Il est important d’agir rapidement si vous croyez être infecté, puisque la maladie de Lyme, si elle n’est pas traitée, peut conduire à des problèmes graves articulaires, cardiaques ou neurologiques.
Bien que toute cette information soit inquiétante, il faut garder en tête que ce ne sont pas toutes les espèces de tiques qui constituent un vecteur de la maladie de Lyme. Qui plus est, la tique à pattes noires n’est pas toujours infectée. Il est certain que plusieurs précautions s’imposent… Mais, pour résumer, il ne faut pas que la question vous rende fous… que vous soyez ou non toqués des tiques!
Pour en savoir plus
- Bug Guide. Order Ixodida – Ticks. https://bugguide.net/node/view/91218
- Evans, A.V. 2008. Field guide to insects and spiders of North America. 497 p.

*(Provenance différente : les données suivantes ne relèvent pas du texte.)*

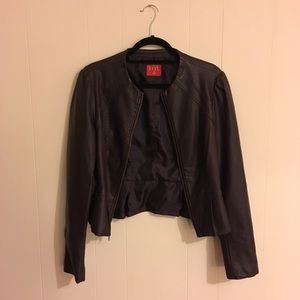 Elle purple moto jacket - M/L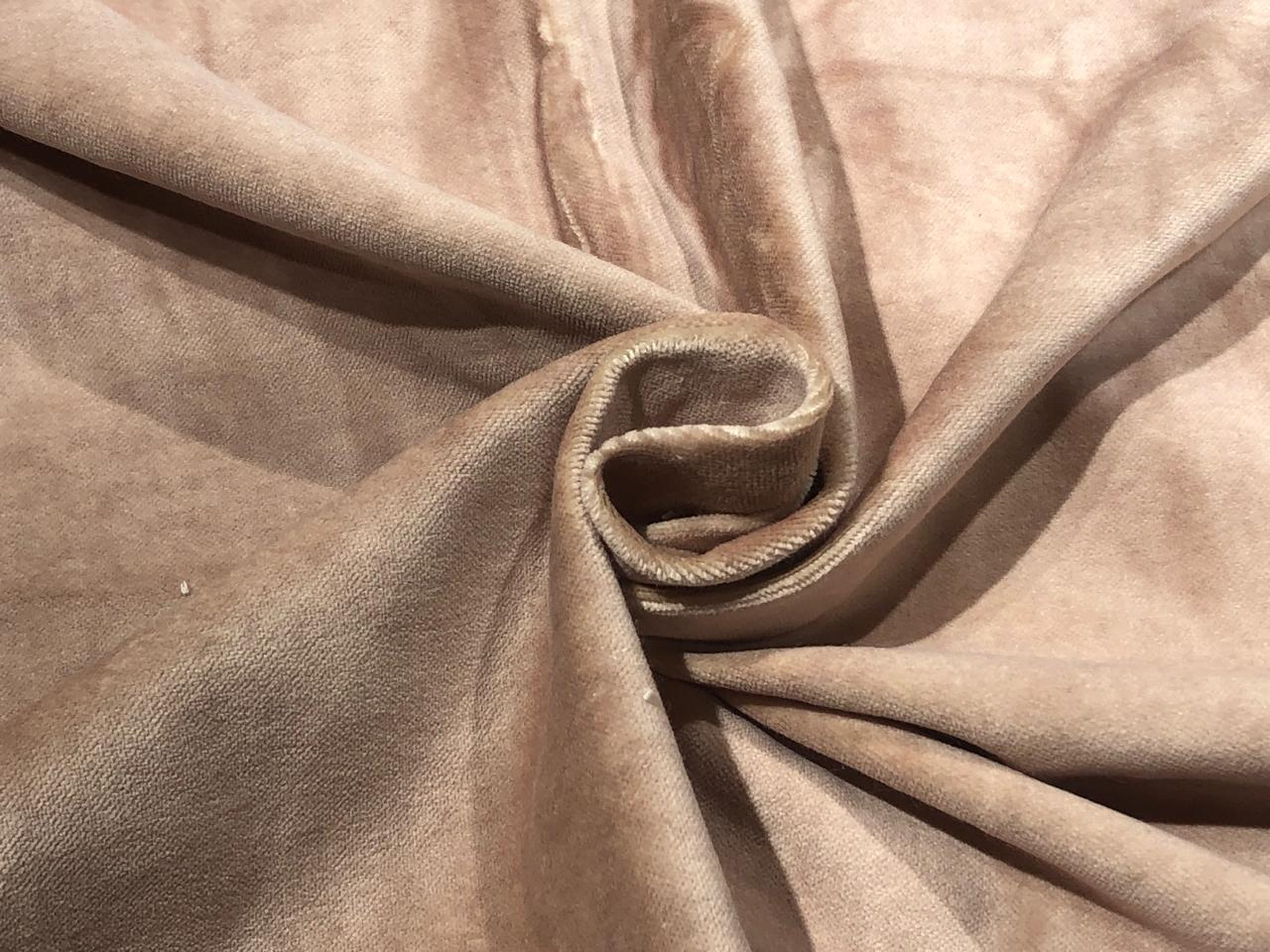 100% Cotton Velvet nude color Fabric 54" wide [17762]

- Gouvernement du Canada. Risque de maladie de Lyme chez les Canadiens. https://www.canada.ca/fr/sante-publique/services/maladies/maladie-lyme/risque-maladie-lyme-chez-canadiens.html
- Guide d’identification des tiques du Québec. https://www.inspq.qc.ca/guide-d-identification-des-tiques-du-quebec
- La maladie de Lyme et les maladies transmises par les tiques. https://www.inspq.qc.ca/zoonoses/maladie-de-lyme
- Les Aventures du Pharmachien. La maladie de Lyme. https://pharmachien.exploratv.ca/episode-34-la-maladie-de-lyme/extrait-de-l-episode/
- Ministère de la Santé et des Services sociaux. Maladie de Lyme – Évolution de la maladie de Lyme au Québec. http://www.msss.gouv.qc.ca/professionnels/zoonoses/maladie-lyme/evolution-de-la-maladie-au-quebec/
- Ministère de la Santé et des Services sociaux. Maladie de Lyme – Protection et prévention. https://www.quebec.ca/sante/problemes-de-sante/a-z/maladie-de-lyme/#protection-et-prevention
- Ministère de la Santé et des Services sociaux. Retrait d’une tique en cas de piqûre. https://www.quebec.ca/sante/conseils-et-prevention/sante-et-environnement/retrait-de-tique-en-cas-de-piqure/
- Stewart, A. 2011. Wicked Bugs. 272 p.